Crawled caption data
**********
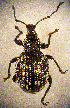  ( - CCDB-24268-A09)  @12 [ ] CreativeCommons  Attribution Non-Commercial Share-Alike (2016) Lucian Teodor Unspecified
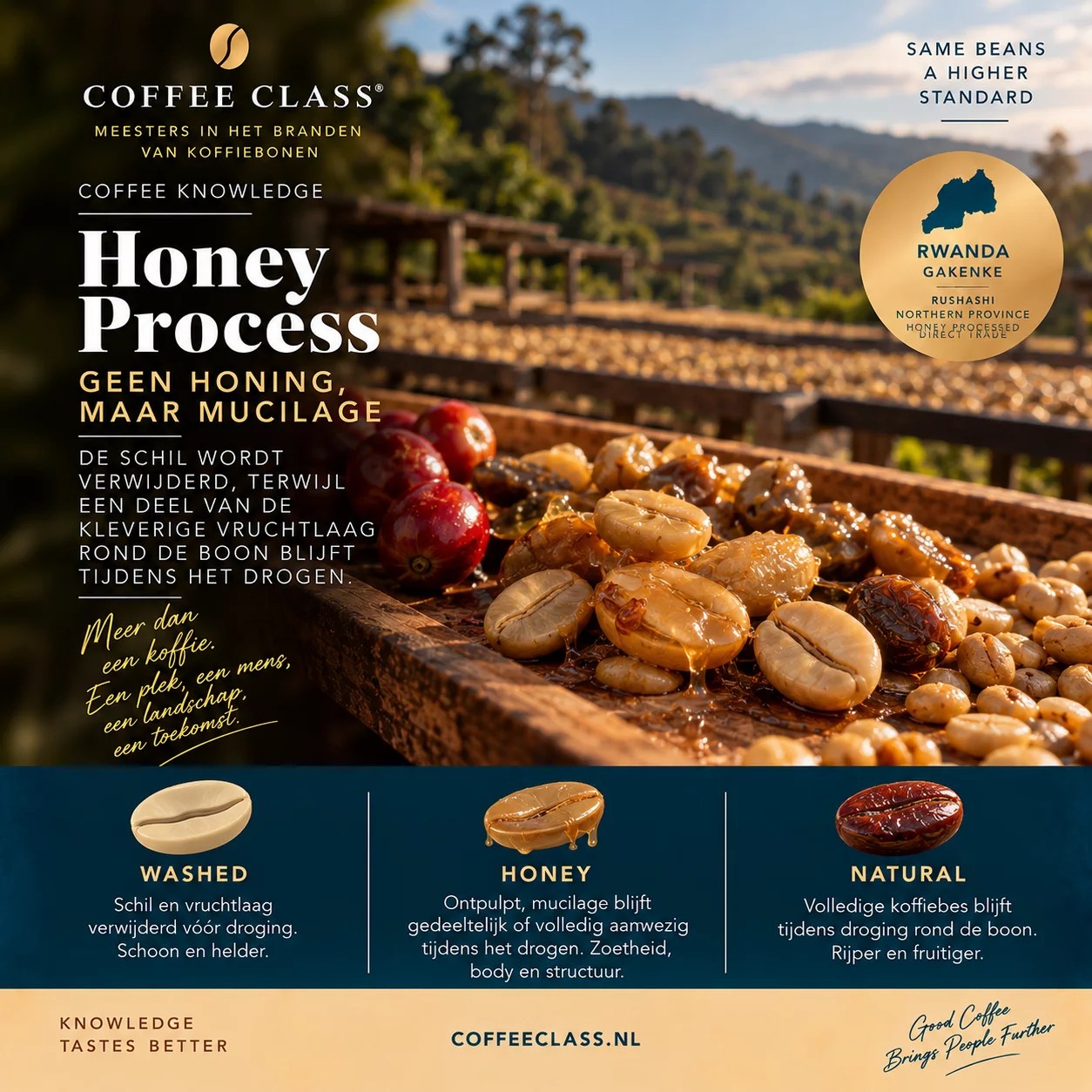 Honey process koffie uitgelegd met Rwanda Gakenke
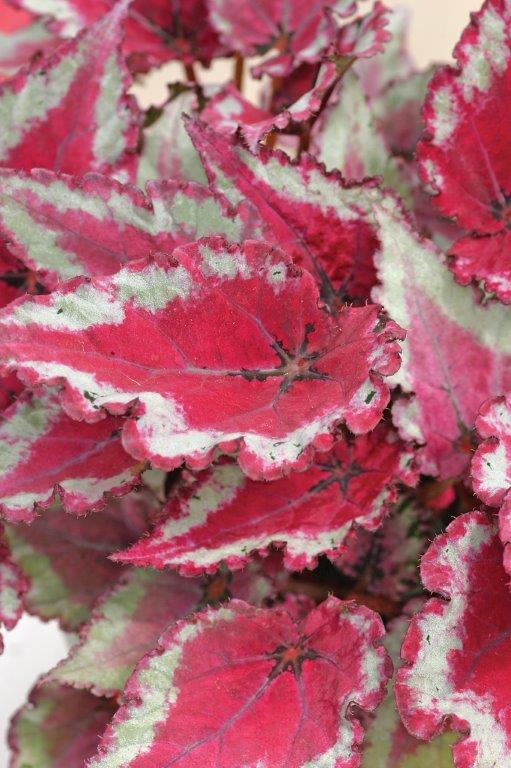 B. ‘Acapulco Pink’
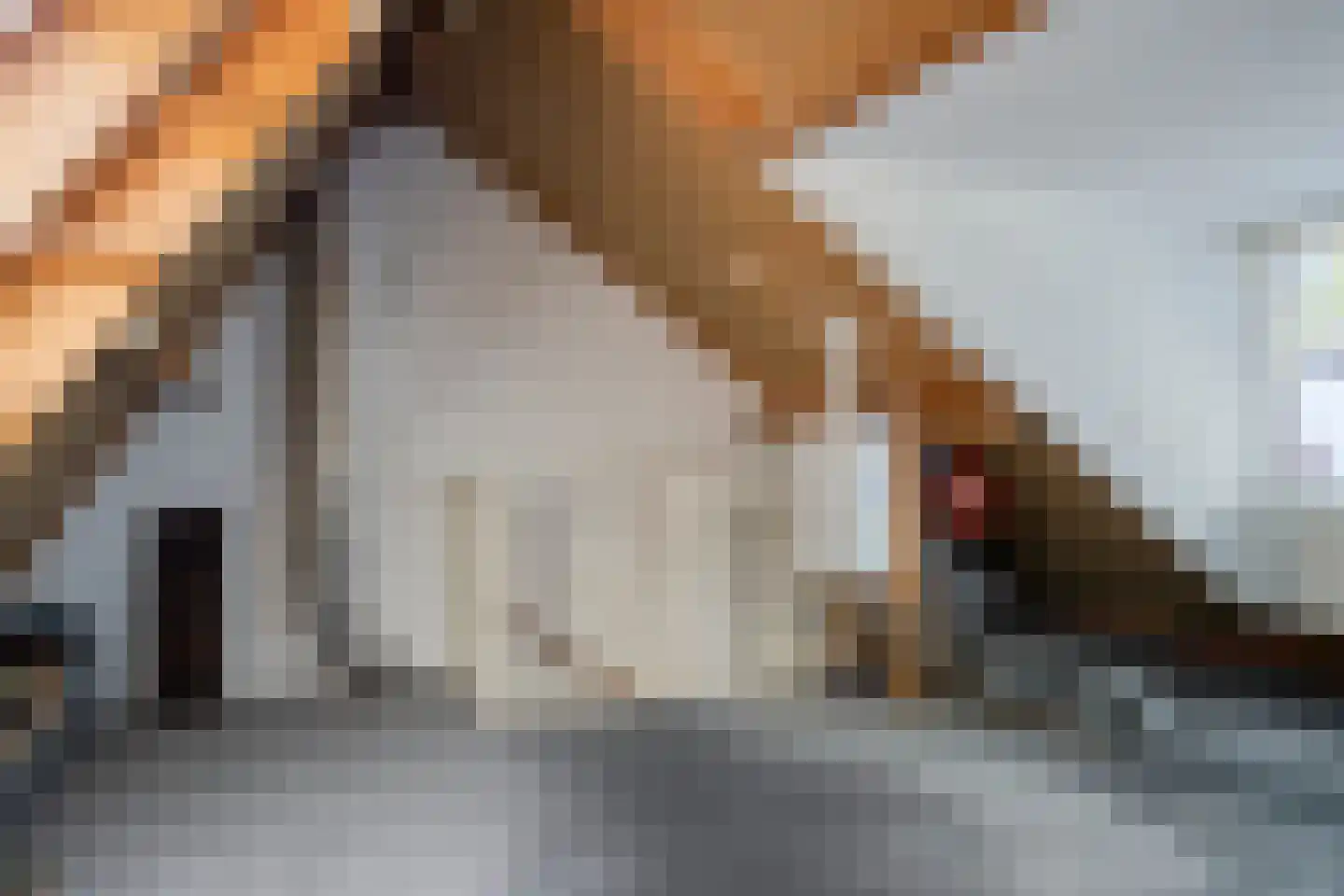 Altena 33 Ugchelen thumbnail 24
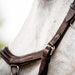 Micklem 2.0 Deluxe Competition Bridle, Havana - Jeffers - Horse Supplies > Horse Tack > Bridles & Headstalls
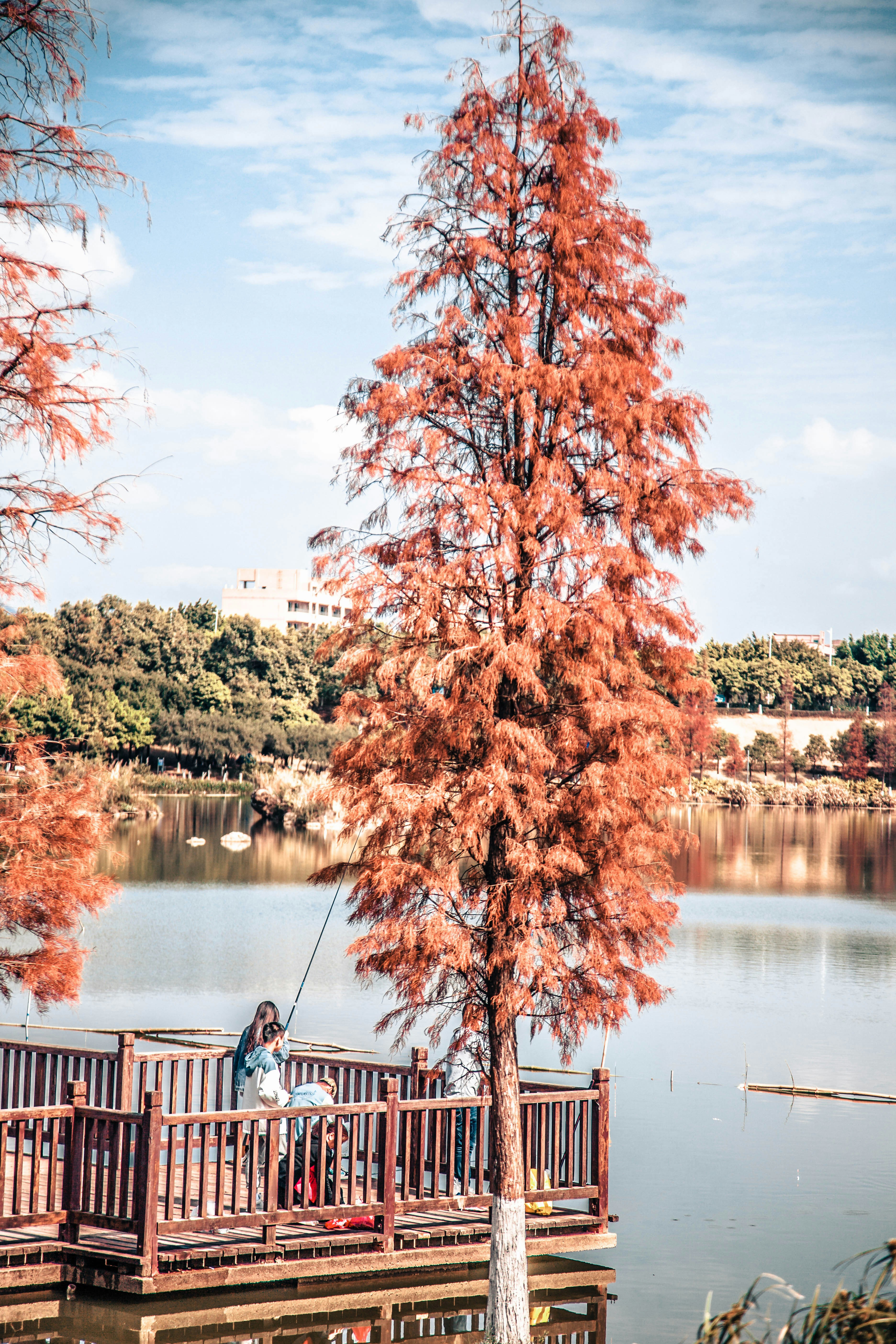 Photo by roland_kwok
**********
◆ Action item: Could all the data above be given again exactly, leaving out its images?

◆ Exercise result:
  ( - CCDB-24268-A09)  @12 [ ] CreativeCommons  Attribution Non-Commercial Share-Alike (2016) Lucian Teodor Unspecified
 Honey process koffie uitgelegd met Rwanda Gakenke
 B. ‘Acapulco Pink’
 Altena 33 Ugchelen thumbnail 24
 Micklem 2.0 Deluxe Competition Bridle, Havana - Jeffers - Horse Supplies > Horse Tack > Bridles & Headstalls
 Photo by roland_kwok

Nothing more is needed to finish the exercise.